▸ Required action: The data must be given again exactly as written, with all images omitted.

▸ Information provided:
# # # # # # #

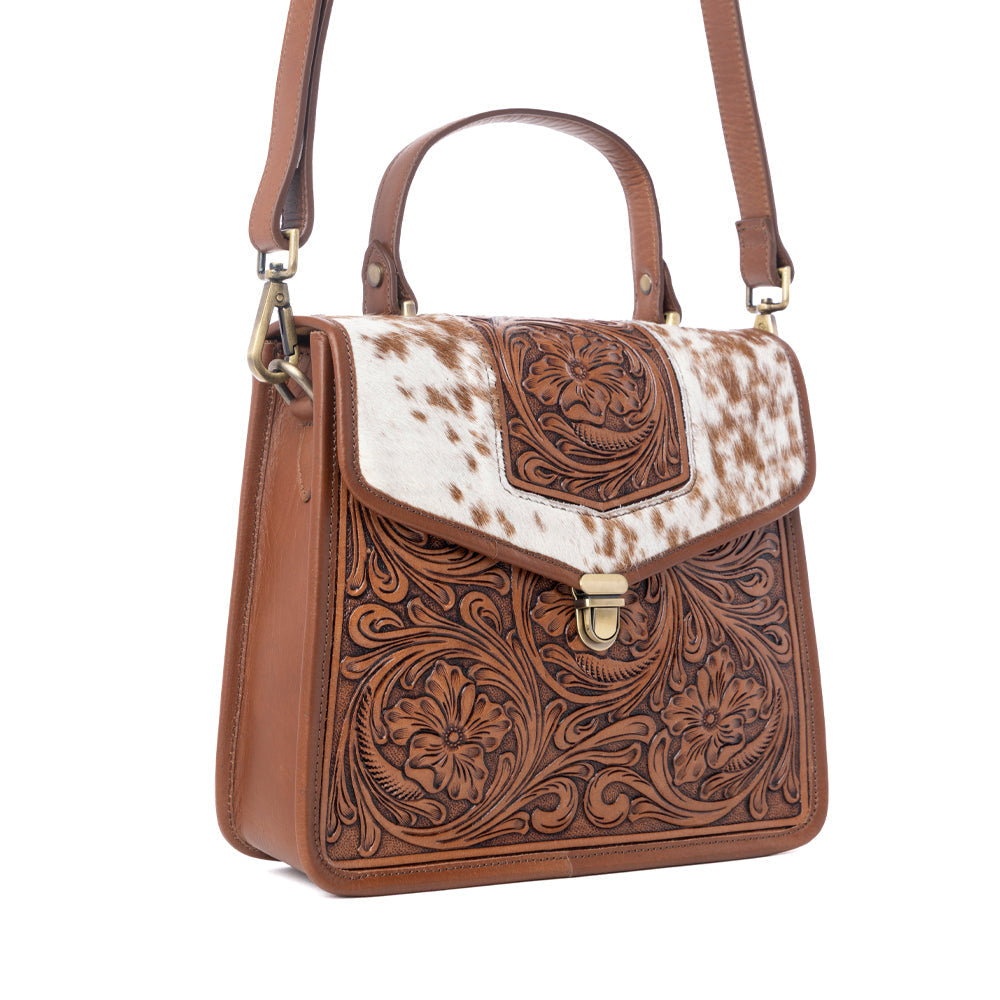 Myra Duchess Hairon Handtooled Flap and Button Leather Satchel in Mocha Cream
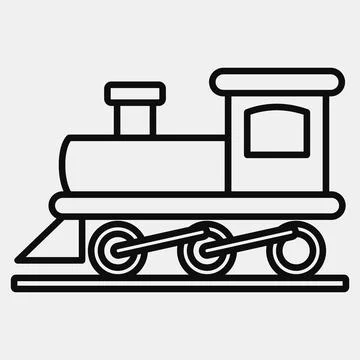 Icon old train. Transportation elements. Icons in line style. Good for prin.. Illustrazione stock
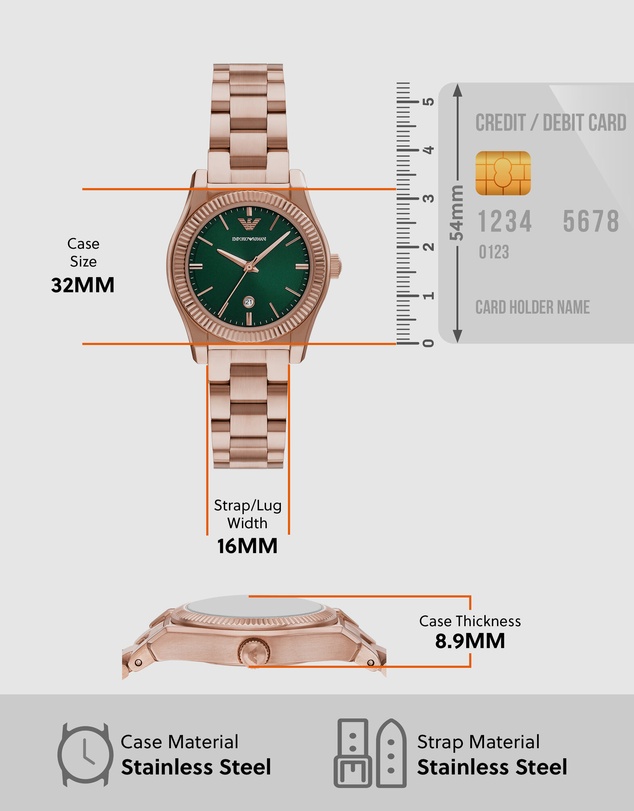 Emporio Armani - Rose Gold Tone Analogue Watch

# # # # # # #

▸ Written solution:
 Myra Duchess Hairon Handtooled Flap and Button Leather Satchel in Mocha Cream
 Icon old train. Transportation elements. Icons in line style. Good for prin.. Illustrazione stock
 Emporio Armani - Rose Gold Tone Analogue Watch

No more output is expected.